O outro cabo disse que o movimento semanal era de entre R$ 10mil e R$ 12 mil. O que passava disso ia para o coronel.

“A Patrícia tinha um objetivo, que era pegar o comandante do batalhão por todo o comando de corrupção que ele fazia na comarca de São Gonçalo. Ele era o alvo da Patrícia. Por isso ela foi morta, porque ela colocou em risco o faturamento do batalhão”, explica o desembargador Antonio Siqueira, presidente da Associação de Magistrados/RJ.

Naquela noite, a juíza saiu sozinha do fórum. Sozinha, fez todo o percurso e sozinha estava quando caiu na emboscada em frente à casa dela. Como uma mulher que tinha mandado para a cadeia mais de 60 policiais e que estava ameaçada de morte estava andando sem escolta? Depoimentos e documentos reunidos pela polícia começam a esclarecer bem essa questão.

Em janeiro, o coronel Cláudio transferiu os últimos dois policiais que faziam a escolta da juíza. Um deles era o cabo Poubel, namorado de Patrícia Acioli. No boletim interno da Polícia Militar, uma observação: os dois só poderiam sair dos novos postos com autorização do comandante-geral da PM. O coronel Mário Sergio Duarte pediu demissão depois que o coronel Cláudio foi preso.

O coronel Mário Sérgio, que está se recuperando de uma cirurgia, disse por telefone que a responsabilidade pela segurança de magistrados é do Tribunal de Justiça, e que é o tribunal que escala PMs cedidos por convênio.
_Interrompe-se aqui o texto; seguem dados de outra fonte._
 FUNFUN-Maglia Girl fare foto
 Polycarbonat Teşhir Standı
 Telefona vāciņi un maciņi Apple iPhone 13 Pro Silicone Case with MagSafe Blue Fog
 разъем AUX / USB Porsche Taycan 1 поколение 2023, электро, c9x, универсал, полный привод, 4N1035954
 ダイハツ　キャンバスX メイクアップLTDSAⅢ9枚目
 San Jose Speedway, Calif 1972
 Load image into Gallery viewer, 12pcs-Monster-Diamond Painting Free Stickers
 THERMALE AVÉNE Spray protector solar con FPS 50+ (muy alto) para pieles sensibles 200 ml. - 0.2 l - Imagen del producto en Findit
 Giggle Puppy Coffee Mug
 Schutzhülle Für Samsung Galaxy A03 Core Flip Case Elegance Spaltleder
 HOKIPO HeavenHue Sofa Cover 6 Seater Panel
No caso dos dois seguranças da juíza, o coronel disse que foram transferidos de volta para a rua junto com outros PMs que estavam fazendo segurança de autoridades sem estarem formalizados por convênio. Sobre o fato de que a transferência destes dois praças só poderia ser feita com autorização expressa dele, o comandante-geral da PM, o coronel disse que isso era uma forma de protegê-los, para evitar que fossem transferidos para o interior do estado.